Keeping the commandments, and participating in the sacraments and liturgical life of the Church is only the preparation we have, and is the beginning of the process of becoming a saint. It is crucial to realise that it is not the person’s deeds that makes him, or her, a saint. It is only God who sanctifies a person, thereby changing the sinful human nature to sainthood. God calls us all to live in communion with Him, but the each person must freely answer the Divine calling. If we answer by devoting and dedicating ourselves to Him, living in communion with Him through the Church and keeping His commandments, then God lives within us, and it is His Holy Presence that begins to gradually change us from sinners to saints. God is present in every Christian who has been baptised in His Name. The same Holy Spirit who descended upon, and empowered, the Apostles at Pentecost is given to each and everyone of us at Baptism. The Apostles and other saints were sanctified because they allowed the Holy Spirit to dwell and work within them. Since we also have the same Holy Spirit in us, the potential of sainthood is available to each and every one of us as well. We begin now to see that a saint is a person who allows God's Light to shine through them.

For God's Light to shine through us, our darkened sinful nature has to be cut through. Saint Peter in his first epistles explains what this process entails:

As obedient children, do not be conformed to the passions of your former ignorance, but as He Who called you is Holy, be holy yourselves in all your conduct; since it is written, ‘You shall be holy, for I am Holy.’

(1 Peter 1:14-16)

Thus, sainthood requires freedom from the passions. “Passions” in Greek means “things that control you”. Passions, then, include any desire, fear, habit, need, emotion, addiction, etc. which we find hard to control, and which we succumb to time and time again. To free ourselves from passions, we must continually struggle to “walk in the Spirit” and resist fulfilling “the lust of the flesh” (Galatians 5:16). The whole aim and purpose of this struggle is to become as holy as “He Who called us” so that His Holiness, His Glory, His Light is reflected in all our conduct.

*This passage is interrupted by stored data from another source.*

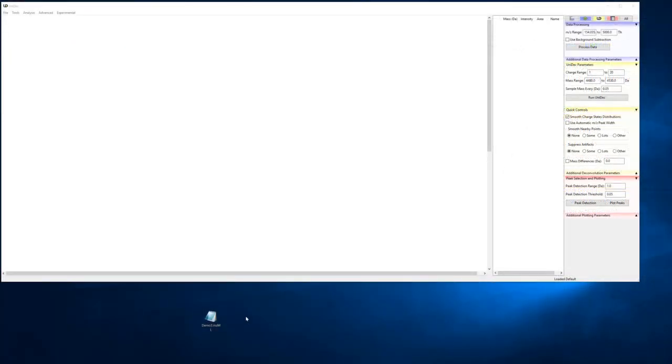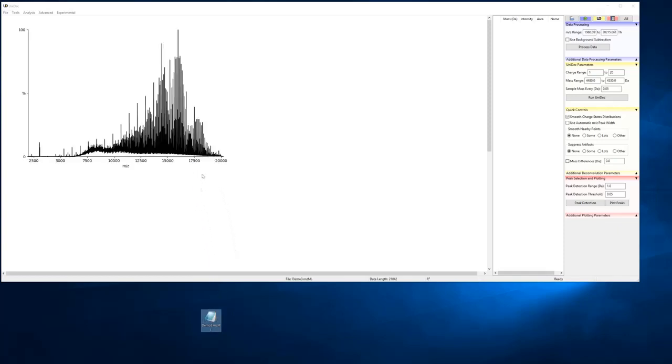The easiest way is to have your data already in the MZML format. Simply drag and drop directly into Unidec. Another way is to first save it as a text file. Depending on the software you are using, this may require an additional step.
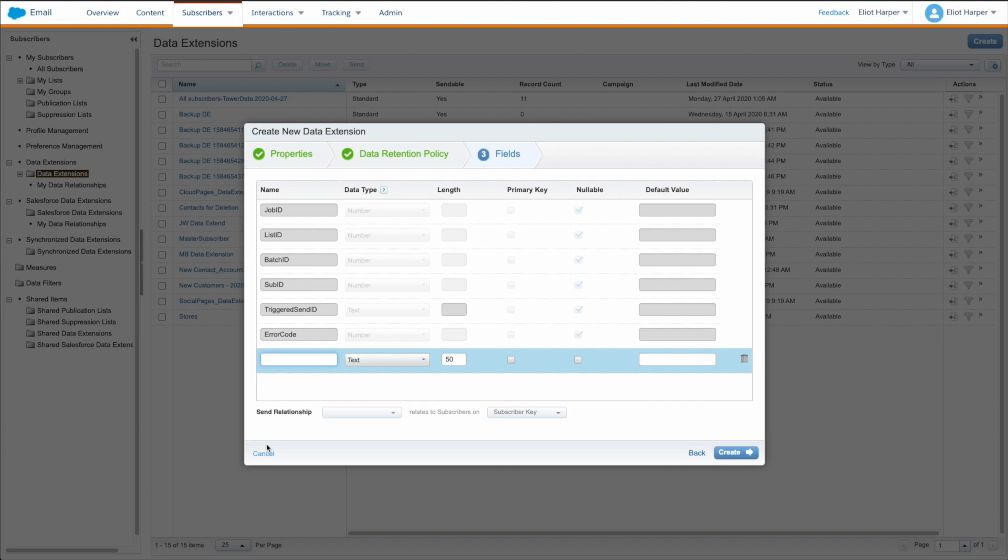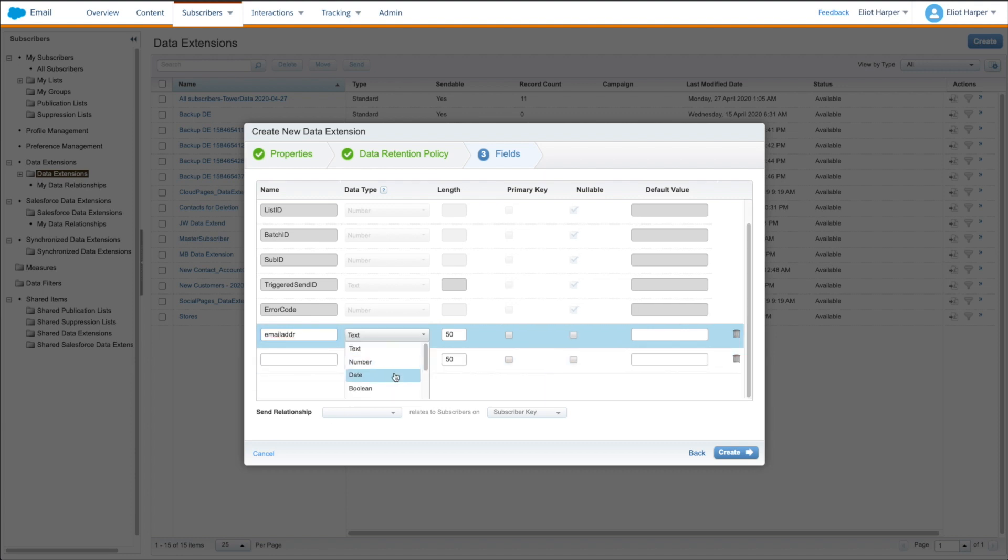For example, adding the system data personalization string email_addr as a field in the send log data extension will include the subscriber's email address in the record.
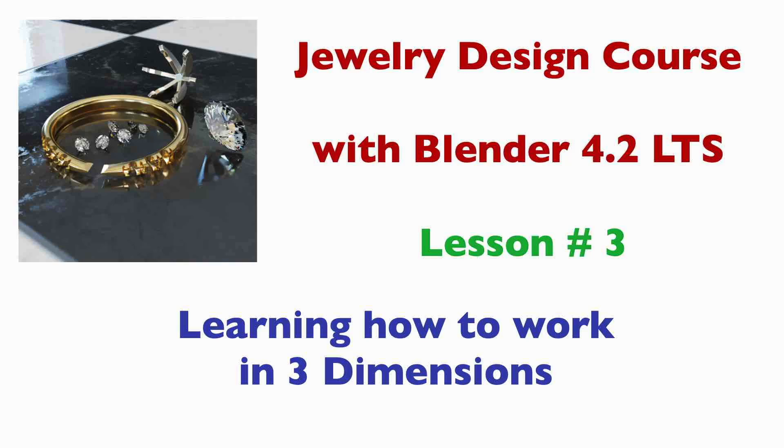Welcome to Lesson 3 of the Blender Jewelry Design Course. We're working with Blender 4.2 Long-Term Service, or LTS version. Today I'm going to cover Lesson 3, which is learning how to work in three dimensions.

This is precisely what salvation is according to Orthodoxy. Salvation is “deification”—becoming like God. Orthodoxy teaches that God created humanity in His Image in order to reflect His likeness. But the Fall halted this process. The whole purpose of the Incarnation, Crucifixion and the Resurrection is to invite and empower people to resume their original vocation which is to grow in the likeness of God. “God became Man so that man can become like God”, is the famous teaching of St Athanasius. Jesus Christ is the perfect model of sainthood. Sanctification—the process of becoming a saint—frees humanity from enslavement to the flesh so that once again we can reflect God’s likeness. From this perspective, we can see that to become a saint is to be saved; and salvation is what Christianity is all about.

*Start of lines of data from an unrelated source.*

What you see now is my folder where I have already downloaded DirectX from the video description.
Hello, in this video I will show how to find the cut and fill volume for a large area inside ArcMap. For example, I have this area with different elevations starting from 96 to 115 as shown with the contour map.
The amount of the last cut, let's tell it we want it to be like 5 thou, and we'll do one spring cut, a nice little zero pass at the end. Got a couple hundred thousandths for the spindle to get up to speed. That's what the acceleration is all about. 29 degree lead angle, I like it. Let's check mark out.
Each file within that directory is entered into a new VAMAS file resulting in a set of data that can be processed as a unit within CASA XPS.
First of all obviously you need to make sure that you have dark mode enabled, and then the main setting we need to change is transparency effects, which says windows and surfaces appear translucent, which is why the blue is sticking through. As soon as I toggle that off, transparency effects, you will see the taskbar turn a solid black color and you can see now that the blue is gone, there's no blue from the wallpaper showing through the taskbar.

However, we all know that the change in human nature from sinfulness to sainthood is not easy, automatic or instantaneous; but rather it takes a whole lifetime of struggle. But as long as we accept the calling and allow the process of sanctification to begin then we enter the process of becoming saints. So true Christians are not perfect, but are in the process of being perfected by God!

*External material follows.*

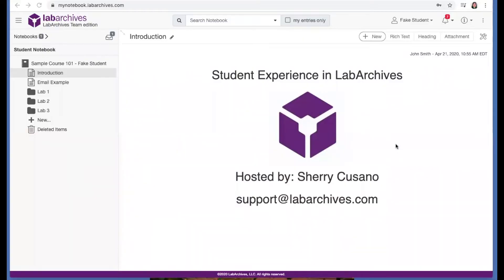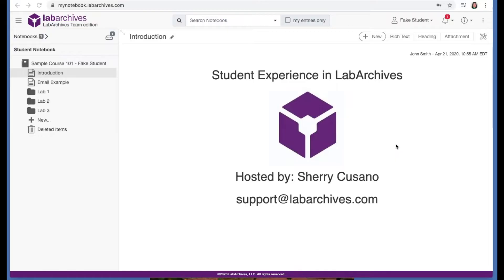This video will cover the experience as a student in LabArchives. LabArchives is an electronic lab notebook. We are cloud-based. This means you can securely access your lab notebook online and receive feedback from your instructor.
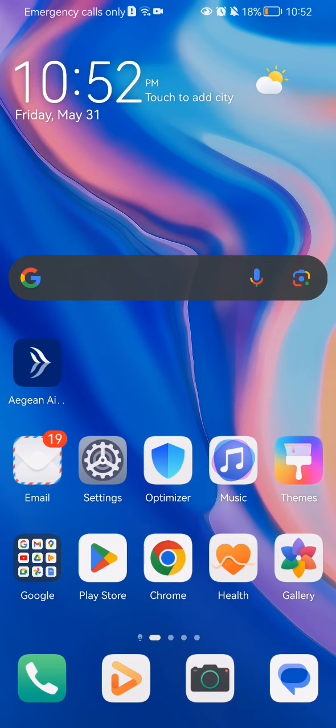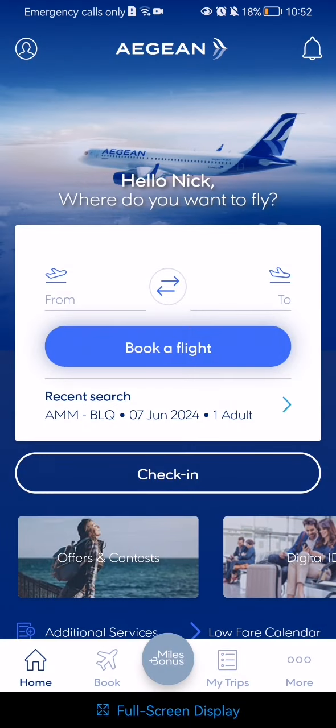The first thing you need to do is enter the app. After you have done that and you are on the home page, you should look at the bottom of your screen and in the right corner you will find the More option. Press on it.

Saints are not a special breed of people, they were born sinful like you and me. But they became saints because they answered God’s calling and allowed Him to sanctify them with His presence. The same invitation is extended to all people. God “desires all men to be saved and to come to the knowledge of the truth” (1 Timothy 2:4). The lives of the canonised Saints bear witness to the authenticity and the truth of the Gospel and the teachings of the Orthodox Church. It is for this reason that the Orthodox Church remembers them, venerates them, and asks them to help us make the same journey they made through “the narrow gate”, and to help us travel “the difficult way that leads to life” (Matthew 7:13-14).

Source

This teaching was given by Fr. George Nasr, of St. George’s Antiochian Orthodox Church, Melbourne, at the Clergy conference in Sydney, NSW, in May 2008.